A própria acusação não tinha sentido. Não havia sequer crianças desaparecidas na área. A foto postada era de um suposto retrato falado. Na Polícia, nenhuma denúncia, nenhuma queixa.

A quem se cobrar a responsabilidade? A quem postou a falsa notícia nas redes sociais ou à violência implantada nas mãos das pessoas que lincharam Fabiane sem, por um minuto, lhe dar o direito de defesa, de desfazer o engano? Ou será a responsabilidade maior da própria Justiça que permite a homens e mulheres neste país conviverem com a impunidade?

Neste episódio, não tombou apenas Fabiane, mãe de uma adolescente e de um bebê, mas o próprio direito de justiça que tanto cobramos como sociedade. Não é desacreditando na ordem e na lei que faremos justiça. Muito menos, apostando no linchamento de inocentes ou culpados que crescemos enquanto povo, enquanto Estado, enquanto Nação.

Tancredo Neves me disse, certa feita em uma entrevista, que é preciso seguir a lei, mesmo sem concordar com ela, embora isso não signifique que não possamos lutar para mudá-la. Concordo com ele. Não é tentando impor o “dente por dente, olho por olho”, que estamos ajudando a fazer justiça. Ao contrário, isso abre um precedente perigoso, irresponsável, onde outras Fabianes podem ser as maiores vítimas.

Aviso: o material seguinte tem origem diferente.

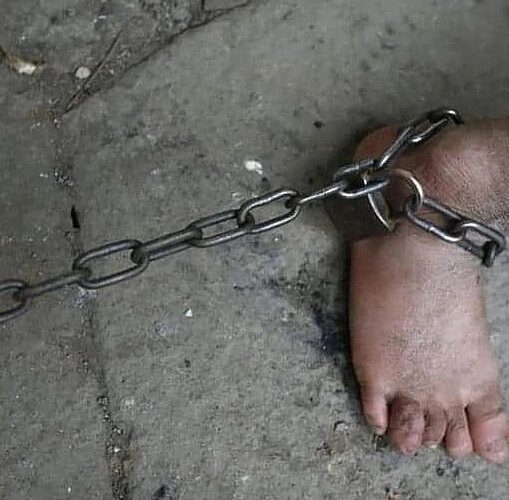 DIF Atizapán rescata a pequeñito de 5 años encadenado por sus padres.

Agora, é preciso percorrer, dentro da lei, o caminho para se punir os executores de Fabiane. Com isso, estamos, igualmente, impedindo que outros linchamentos e outras postagens de tamanha irresponsabilidade possam voltar a acontecer. Somos, na essência, um povo generoso e violência não cabe na generosidade do povo brasileiro.

Que seja Fabiane de Jesus um marco entre a estupidez e a justiça.